The potential downsides to normalized betting in motorsports aren’t hard to imagine. Whenever big money is at stake, there can be temptation to throw a race. Team orders can suddenly be viewed with suspicion, or big money interests could start to exert pressure on a series or team. Shady operators could take the money from fans and run. “I think any time there’s a possibility for some unknown to happen, it could,” McCoy said.
“The sponsors we work with are very connected to younger people,” said Castro. “They want to do things right. And betting is something that I don’t think is right for young people.”
Policing the real or perceived corruption that legal gambling could generate is crucial for Long. “If I knew that it wouldn’t change the outcome, okay,” he said. “There’s always somebody trying to make some side hustle, and that’s what concerns me. I wouldn’t want it to change the integrity of the sport.”
Brown believes an educational initiative would be a good plan to introduce alongside any sports betting partnerships in racing. “The downfalls would be the same that you would have with any other type of gambling,” he said. “You see people out there gamble more than what they have, that people get in over their head. It’s just like anything else where moderation is important. You need to put some awareness out there and make people aware of the effects of getting addicted to gambling. Besides that, I think it will make it fun, it will raise the stakes, it will bring a lot more interest and eyeballs on our sport.”
Simmermaker at Winlight Bets has factored in the concerns about corrupting influences in sports betting while creating the app and will be using all the tools of technology to neutralize it. “Utilizing tech that simply wasn’t around five to 10 years ago, we can notice trends in how people bet,” he explained. “For instance, if a guy who typically bet $20 on a race and did that every other weekend, and then walked in and put down $10,000 on a race, that would be a flaggable event and we may not let that bet go down.

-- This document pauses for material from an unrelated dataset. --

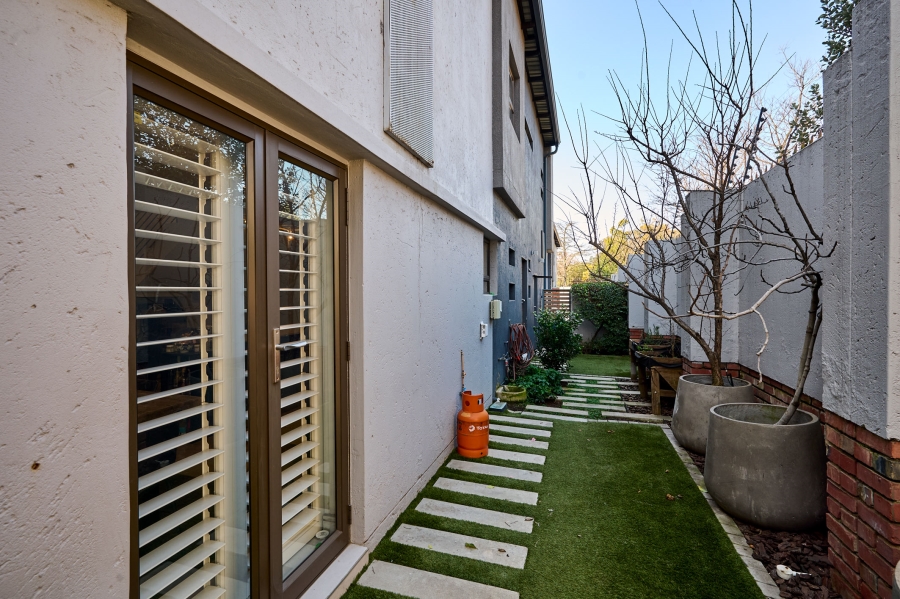 3 Bedroom Property for Sale in Bryanston Gauteng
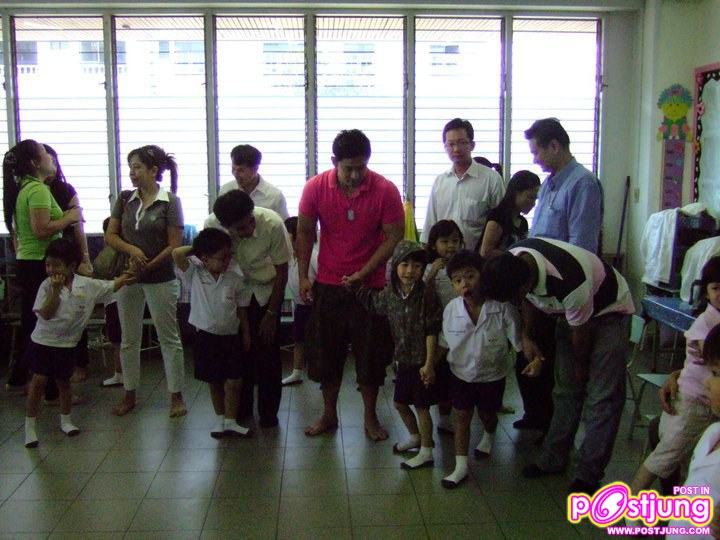 น้องริวจิ &คุณพ่อ ในงานวันพ่อที่โรงเรียน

Similarly, we can look at the handle and we can limit it to, say, we’re only going to allow 50% of the handle to be bet. And any bet above that is going to be flagged or disallowed. There are great compliance groups in the major sportsbooks that really have this stuff down.”
One aspect of legalized sports betting that might reassure the industry is that not all of the push is coming from giant casino interests. Some of the movement is coming from people with deep ties to racing culture. “What’s really important to me, the reason I started Winlight Bets, is to grow the sport and to help and enhance the sport. I worry about all of motorsports in the sense of ‘death by a thousand paper cuts,’” Simmermaker said. “Nothing we do at Winlight Bets will risk the reputation of drag racing or any other motorsport.”
Ultimately, betting on competitions seems to be an almost natural impulse for the human race, and will continue, legally or not. Whether sports wagering can vault motorsports to the next level of fan popularity will be decided in the next few years. “I’ve never really seen attitudes change; it’s always been there, especially from a standpoint of a fan where they might do their own little wagers in the stands, a dollar here or a dollar there,” Brown said. “But it’s always brought excitement, it’s always been part of sport even since I was at an early age watching it as a little kid.”